The response is electric. Immediately, the people of Nineveh
believe God, and here’s where the humor of this story builds. The people
declare a fast. The king, not to be outdone, orders human and animal alike to
fast and put on sackcloth. Then all those sackcloth-covered cows and sheep and
people bellow out their repentance to God, and God’s mind is changed about the
punishment, and does not bring it about.
We would think Jonah would be ecstatic. After all, he’s the only
really successful prophet in the whole Bible. He has brought about a mass
conversion of which even Billy Graham would be jealous. Every inhabitant of the
city, human and animal alike, has come forward for the altar call. Jonah should
be ecstatic.
But Jonah is not ecstatic in any sense of the word. Jonah is madder
than mad. “Ah, LORD, is this not what I said would happen when I was still in
my own territory? That’s why I fled to Tarshish in the first place. Because I
know that you are a God who is gracious and merciful, slow to anger, and
abounding in steadfast love, and ready to relent from punishing.”
Jonah, of course, is quoting the LORD’s own self-description (from
Exodus 34:6) a description taken up by prophets and psalmists throughout Israel’s
history to remind God of God’s own nature.
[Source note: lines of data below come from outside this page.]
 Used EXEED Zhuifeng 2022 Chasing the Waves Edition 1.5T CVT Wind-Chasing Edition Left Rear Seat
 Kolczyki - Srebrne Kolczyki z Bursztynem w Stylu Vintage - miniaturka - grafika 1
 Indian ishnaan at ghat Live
But in Jonah’s mouth, it is an
accusation: You, God, are gracious and merciful. I KNEW this would happen! I
declared your judgment on this sinful city, and you changed your mind!
Here’s the thing, you see, this is what all of us have found out
about following the call of God in and through the waters: God is God and does
not act as we think the Almighty should act. In good faith, we follow where we
hear God’s call, we go to the city, or the suburb, or to small town and rural
America, and we are prepared to bring God’s word to that place, and what we
find is that God is already there before us. We find that no
people, and no place, not even Nineveh, can properly be called God-forsaken.
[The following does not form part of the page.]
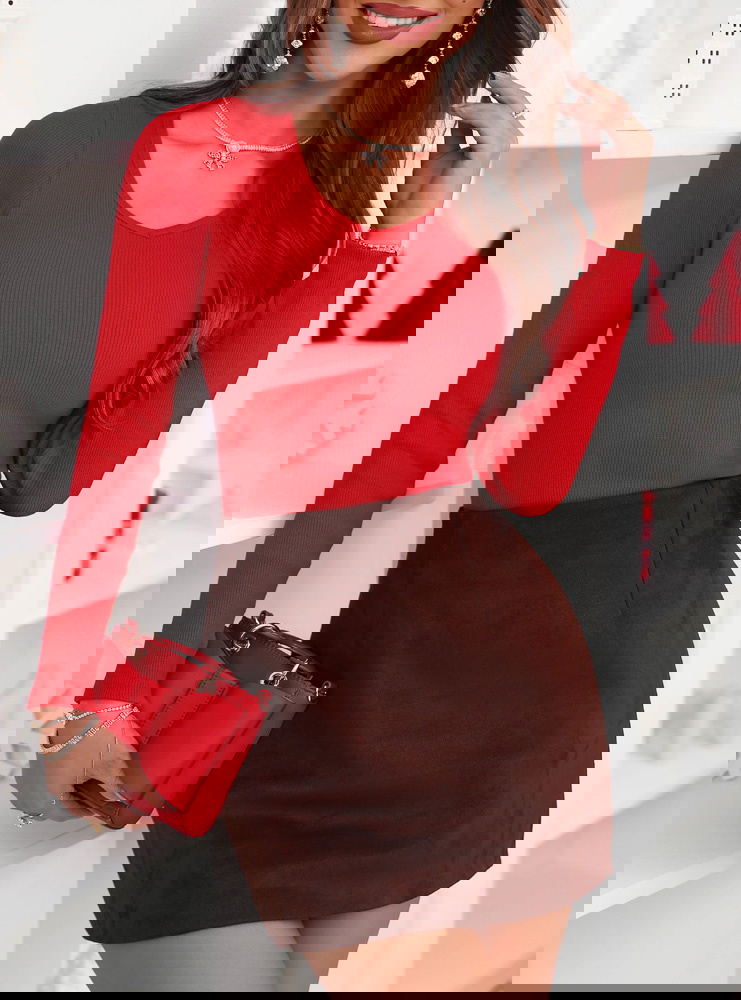 Malinowa prążkowana bluzka z dekoltem...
Often, of course, that lesson is hard to learn. A story I read
comes to mind. “A friend of mine whose
first call was in a small-town parish. The council president in that parish was
a very, very difficult woman who tried to sabotage him at every turn. He tried,
he really did. He prayed for her. He visited her and attempted to reconcile
with her. He prayed and prayed, and finally one day he started singing (to the
tune of “Bind Us Together, Lord”): “Bind her and gag her, Lord, bind her and
gag her with cords that cannot be broken …” It is a prayer Jonah himself might
have prayed.
Think now, if you will, of a person that you find difficult to
love. (Now, I am not talking about an abusive situation.) Think about someone
that you find irritating or annoying, someone you find difficult to be
around. They may hold values that you
don’t hold. Or perhaps those conflicting
values are the cause of disagreements. We
all have that one person who is a challenge to us, that one person who throws
us off to where we don’t know how to respond. But how do we treat someone like
this with dignity and respect? There are no easy answers. Sometimes it involves the slow process of
getting to know that person and that person’s understanding of the world. Certainly, praying about it and consulting
others would also be of help. Lastly, it
facilitates the process if we remember that we are no better or worse than the
person with whom we have a conflict.
Apologizing and forgiveness may also be in order to smooth out a
relationship.
God indeed loves us. That
is also a message that we have been given several times. However, we still have that tendency to draw
some kind of line between us and them.
With God, there are no sides. The
same God who gave Jonah a second chance gives the people of Nineveh a second
chance, and we can’t begrudge that kind of mercy. God gives all of us a second
chance, a third chance, a fourth chance and ad infinitum. This God is gracious
and merciful, slow to anger, and abounding in steadfast love, a God we know
most fully in Jesus Christ. Jesus is our supreme model for our behavior towards
others.
And that, my friends, is certainly a Gospel story worth preaching
and teaching among all people everywhere.